Probably best to get the kids out of the room before you play this one.
Lots of heavy breathing by Brigette.
And you can read the backstory here. (And a bit more here, if you’re so inclined.)
But to business …
The Starting Point … and the FIRST Illustrative Text String
I had previously worked a text string example for the 1D cluster variation method (CVM) with the interactive code available. (Now that’s a cold-splash come-down after that steamy moment with Brigette, isn’t it?)
This is the PREDECESSOR YouTube, describing the text string and how it is a useful example. (No code links, though.)
And HERE’S THE BLOGPOST that went with that earlier YouTube.
Here’s the “Please like me on Facebook, thank you” example used for that illustration of the CVM method.
The Next Step: Simple Interactive Code (Different Example)
Then, over Christmas of this last year, I wanted to make a little “Christmas present” for all of you … a simple interactive version of the 1D CVM code.
That led to THIS YouTube:
This YouTube gave you code – and a worked example. The example was for my “1D CVM base pattern,” though – it was a pattern that was DESIGNED to hit the “equilibrium point” when the interaction enthalpy parameter h was set to 0.

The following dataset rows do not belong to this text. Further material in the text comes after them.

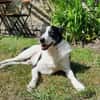 TV-Star Gustav sucht sein Forever Home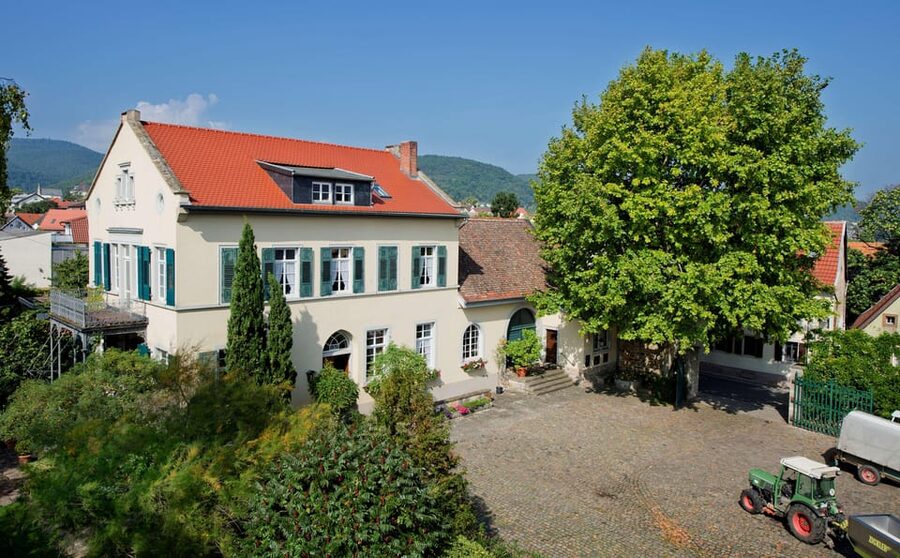 Neustadt: Wine tasting with cellar tour and vineyard visit - The tasting begins with seven Palatinate wines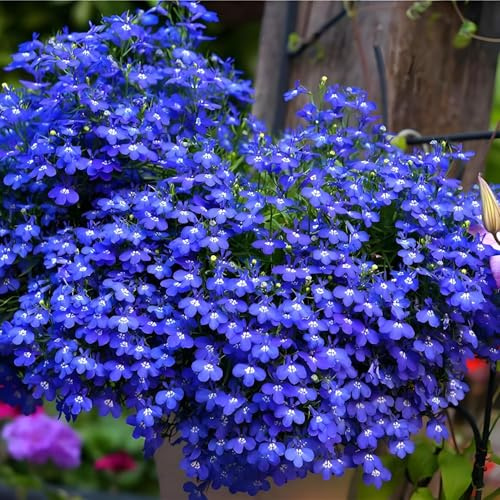 10000 Piezas de Semillas de Tomillo azul Trepador, Hierba Perenne para Cubrir Suelo, Jardín y Terraza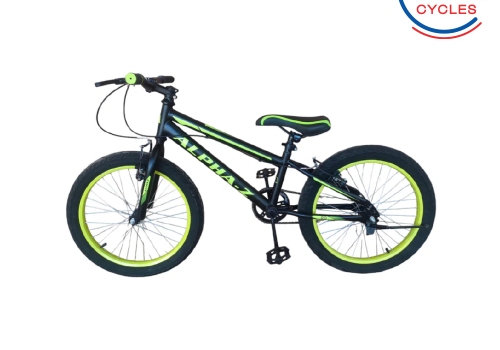 ALPHA 20' BICYCLE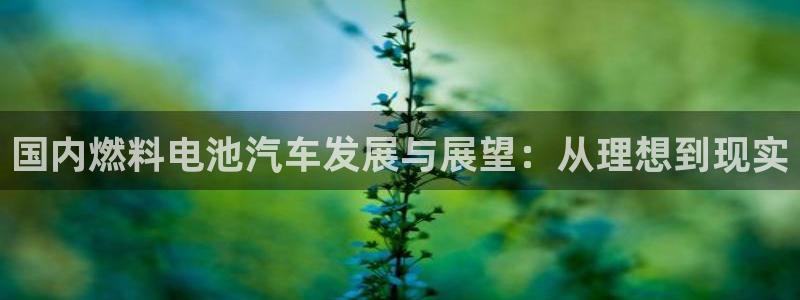 优发国际手机版官网：国内燃料电池汽车发展与展望：从理想到现实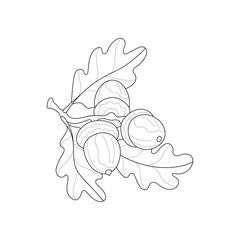 Twig with acorns and leaves. Simple black and white vector image. Coloring book for children.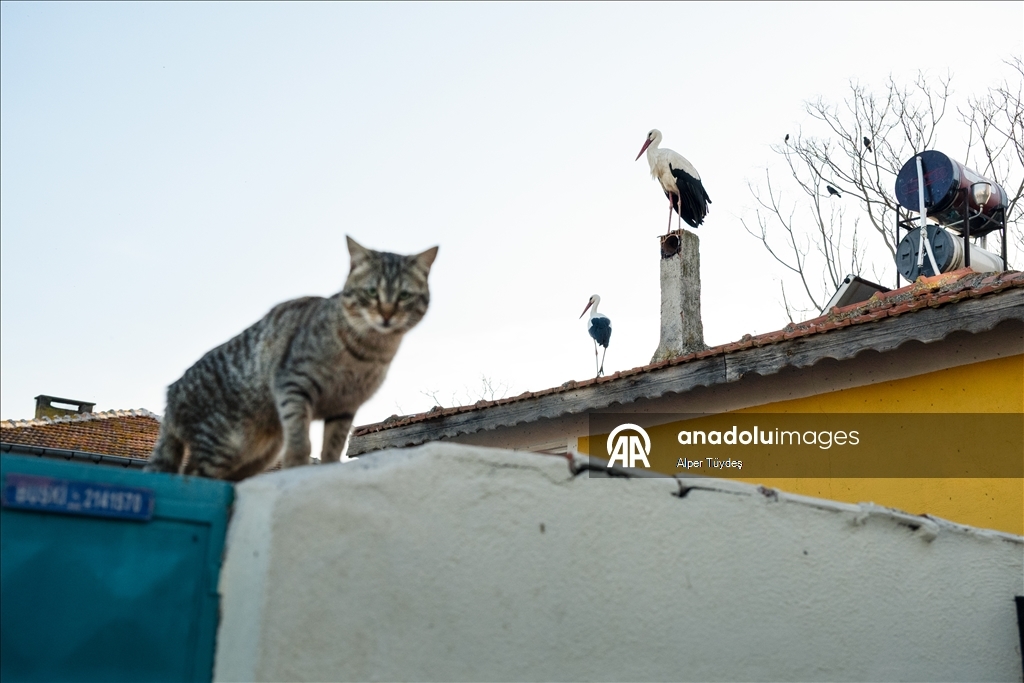 Yaren Leylek bu kez eşiyle görüntülendi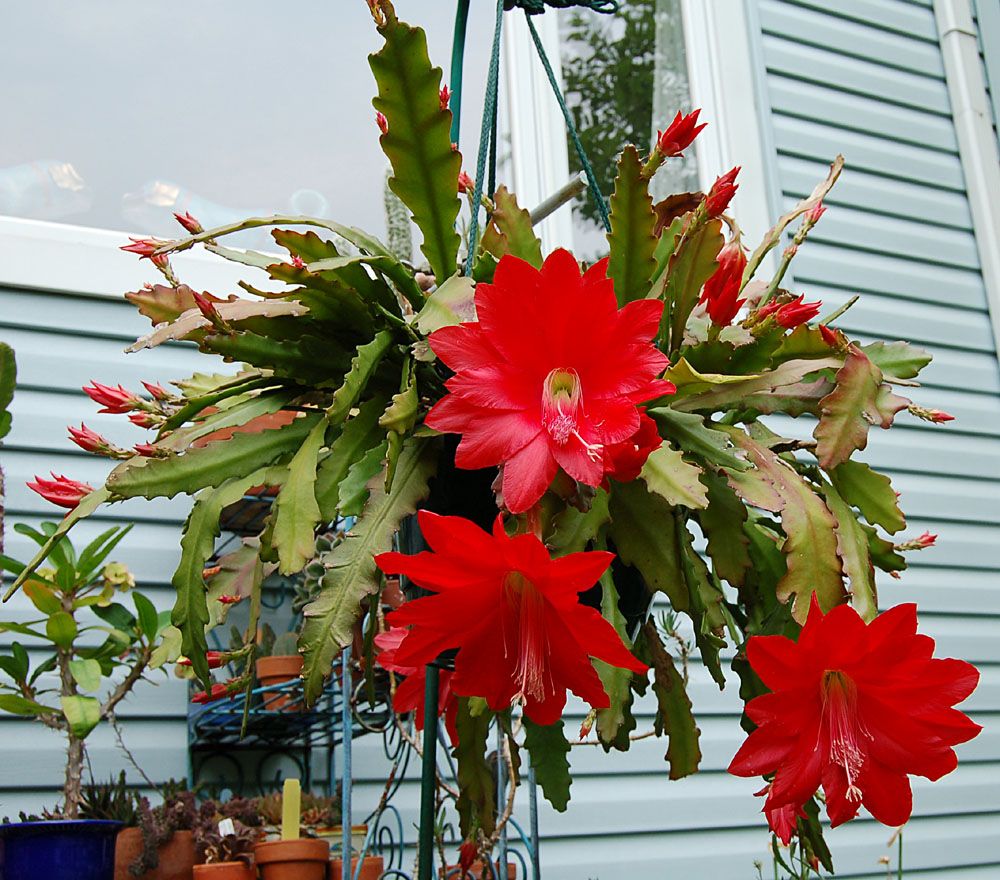 Epiphyllum Ackermannii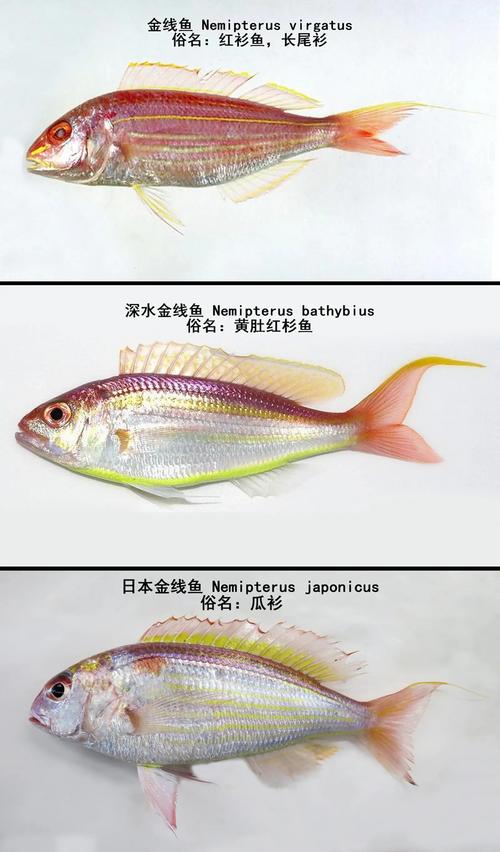 金丝鱼和金线鱼是一种鱼吗_金丝鱼和金线鱼怎么区分？
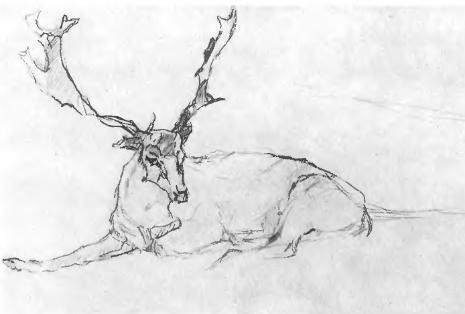 Олень лежит рисунок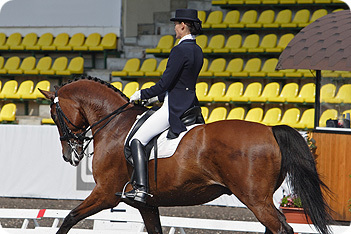 Horse Riding Dress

This code was interactive – you could swap out two nodes and see how that changed both the configuration variable values as well as the resultant entropy.
Here’s what happened when I swapped the “on” node at (0,1) with the “off” node at (0,3). (The rows are numbered “0” (top) and “1“(bottom), the columns (even though every other one is staggered – that’s an artifact when constructing the CVM grid) start with “0” at the left and go through “11” at the right.)
We have a full set of 1D CVM RESOURCES, and we encourage those new to the cluster variation method to access and use these resources.
The Backstory – Why Brigette Bardot and “Je t’Aime”?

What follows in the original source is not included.